• Exercise details
Return the lines of the material below exactly, beginning with the line that has "Private guest bathroom" in it and finishing with the line that has "Aerial view of" in it. Leave all pictures aside.

• Records for this task
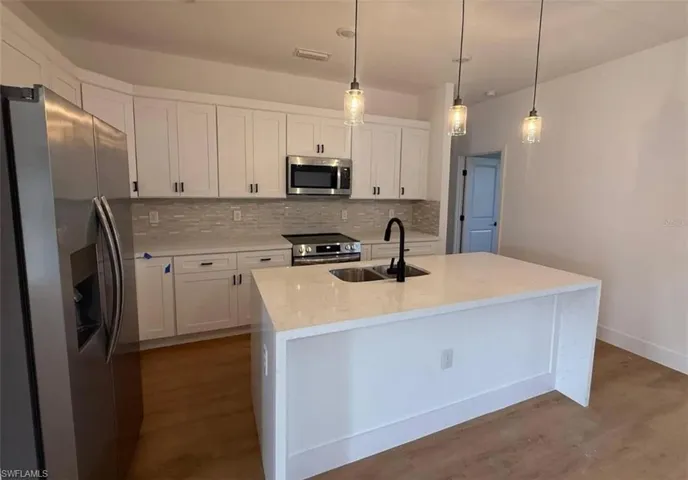 Kitchen featuring appliances with stainless steel finishes, tasteful backsplash, light stone countertops, white cabinets, and decorative light fixtures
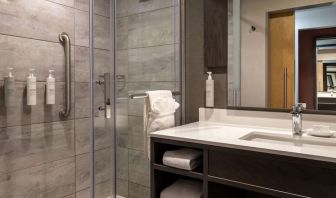 Private guest bathroom with shower and free toiletries at the Hilton Garden Inn Fredericton.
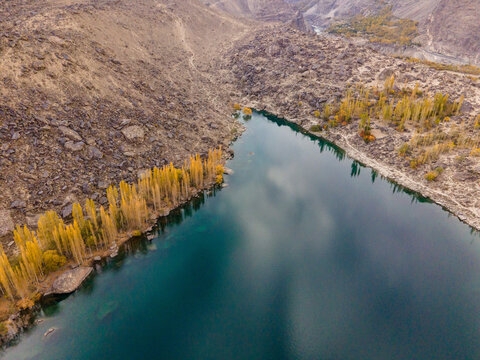 Aerial view of serene lake surrounded by majestic mountains and vibrant foliage, Kashmir region, Pakistan. - Powered by Adobe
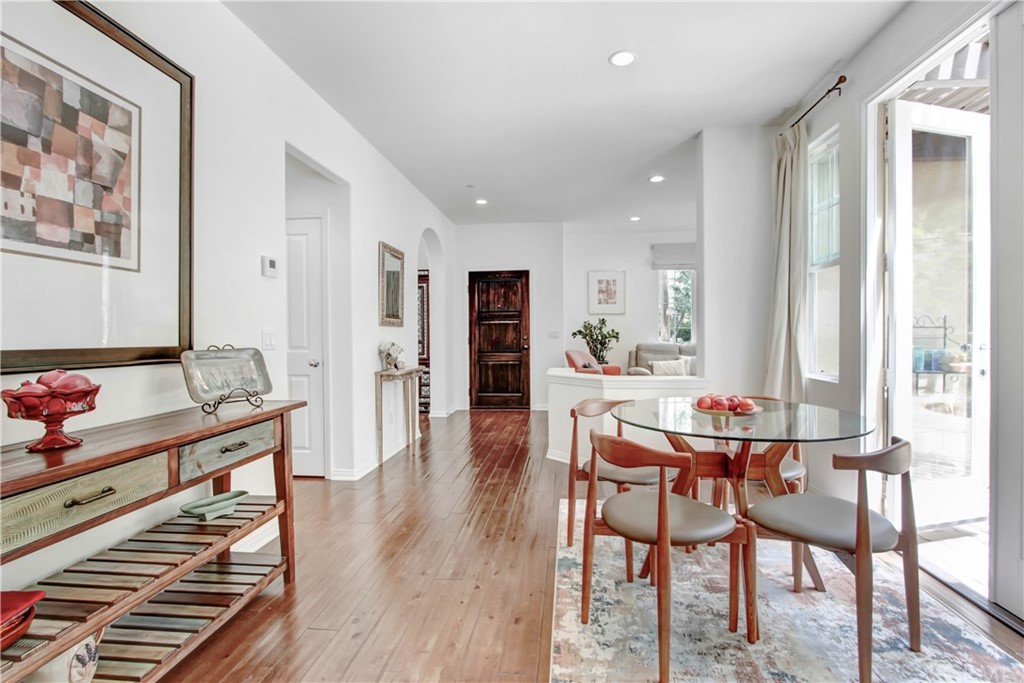 54 Clouds View Irvine, CA 92603 - Photo 10 of 39 a view of a dining room with furniture window and wooden floor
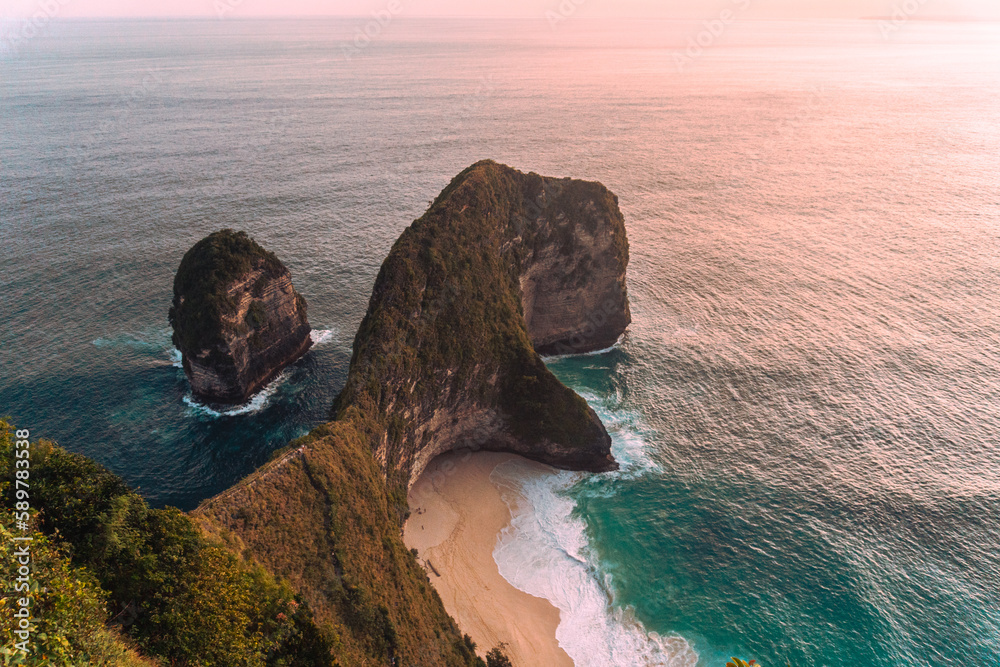 Coast at sunset, beautiful cliffs and beach, ocean, Nusa Penida, Indonesia, tropical island.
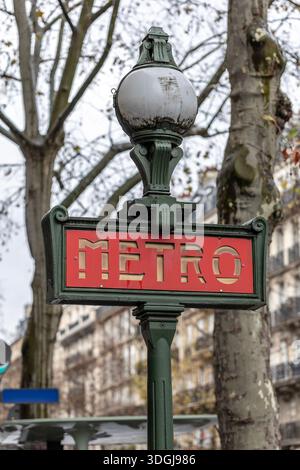 Une enseigne classique du métro parisien dans le style Val d'Osne, avec une lampe globe distinctive au sommet d'un poteau vert en fonte. Un concept de des urbains intemporels Banque D'Images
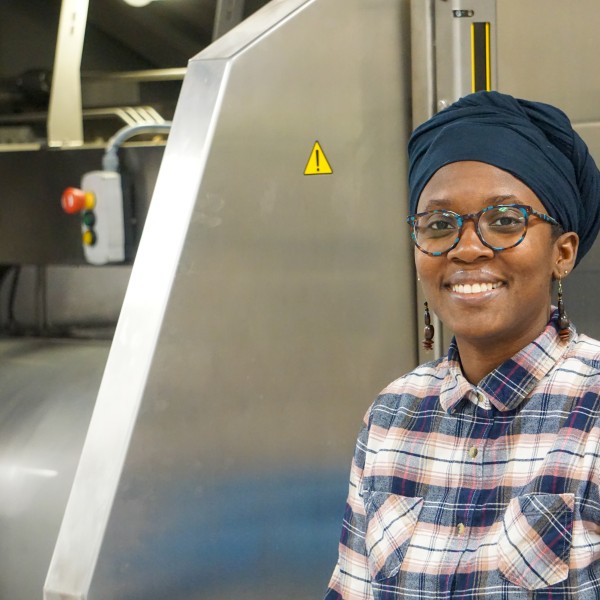 A headshot of Ann Vegdahl sitting beside an HPP machine. 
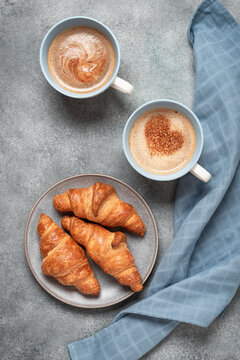 Two cups of coffee and fresh croissants on gray grunge background, top view, heart pattern on coffee, Valentine's Day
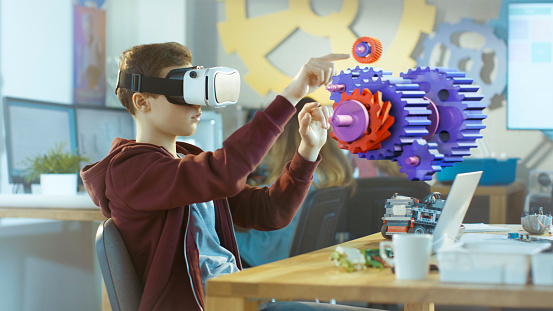 En un muchacho de clase de ciencia de computadora uso de casco de realidad Virtual trabaja en entorno 3D interactivo. Proyecto de modelado mecánico de engranajes de conexión con el Software de realidad aumentada. photo
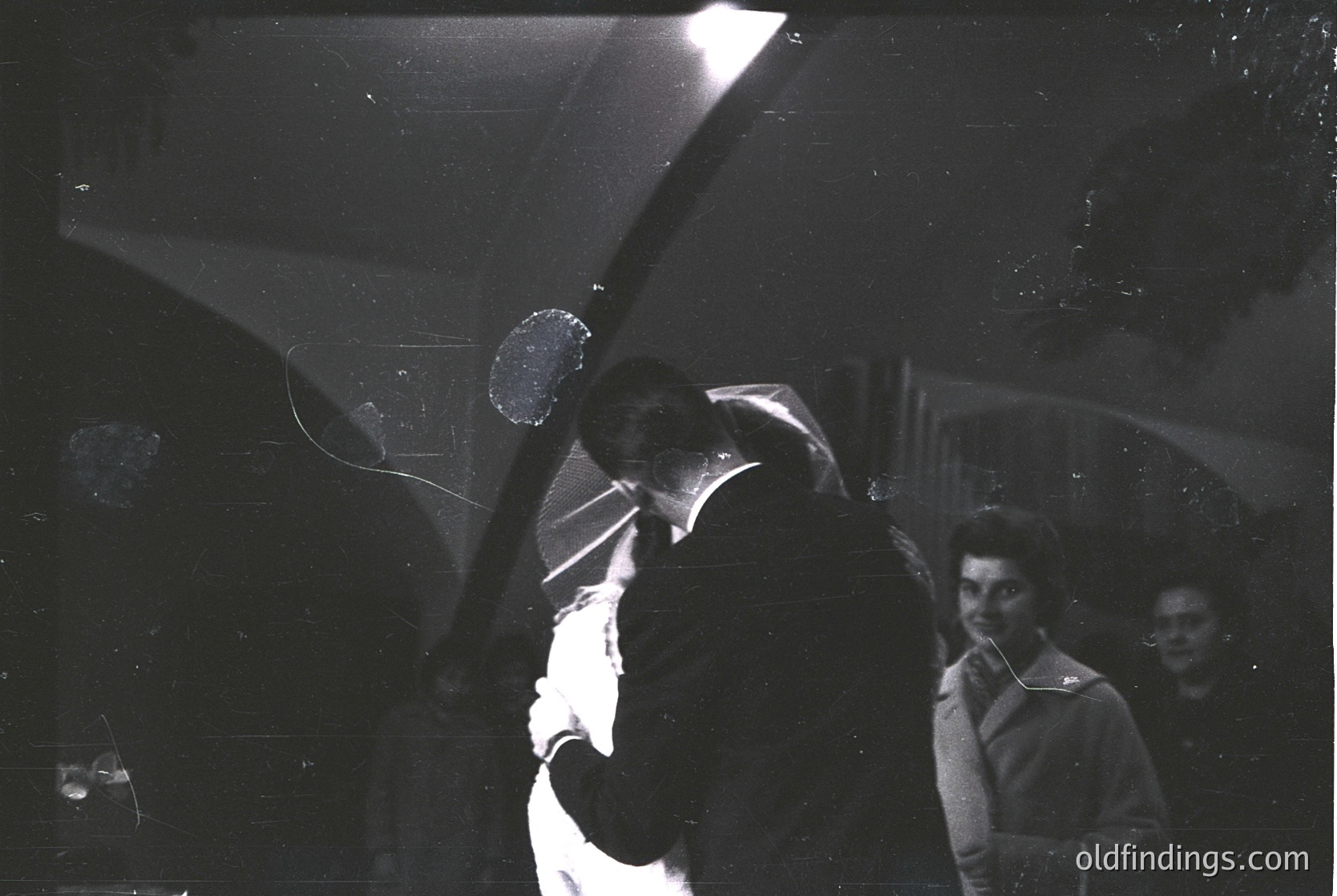 Vintage black-and-white photo of a couple dancing closely in a dimly lit room, likely a 1950s–1960s social event. The man’s arm wraps around the woman’s waist, while a spotlight illuminates them from above. Background shows blurred figures, suggesting a crowded venue. Film grain and lighting effects enhance nostalgic atmosphere.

• Solution to this exercise
 Private guest bathroom with shower and free toiletries at the Hilton Garden Inn Fredericton.
 Aerial view of serene lake surrounded by majestic mountains and vibrant foliage, Kashmir region, Pakistan. - Powered by Adobe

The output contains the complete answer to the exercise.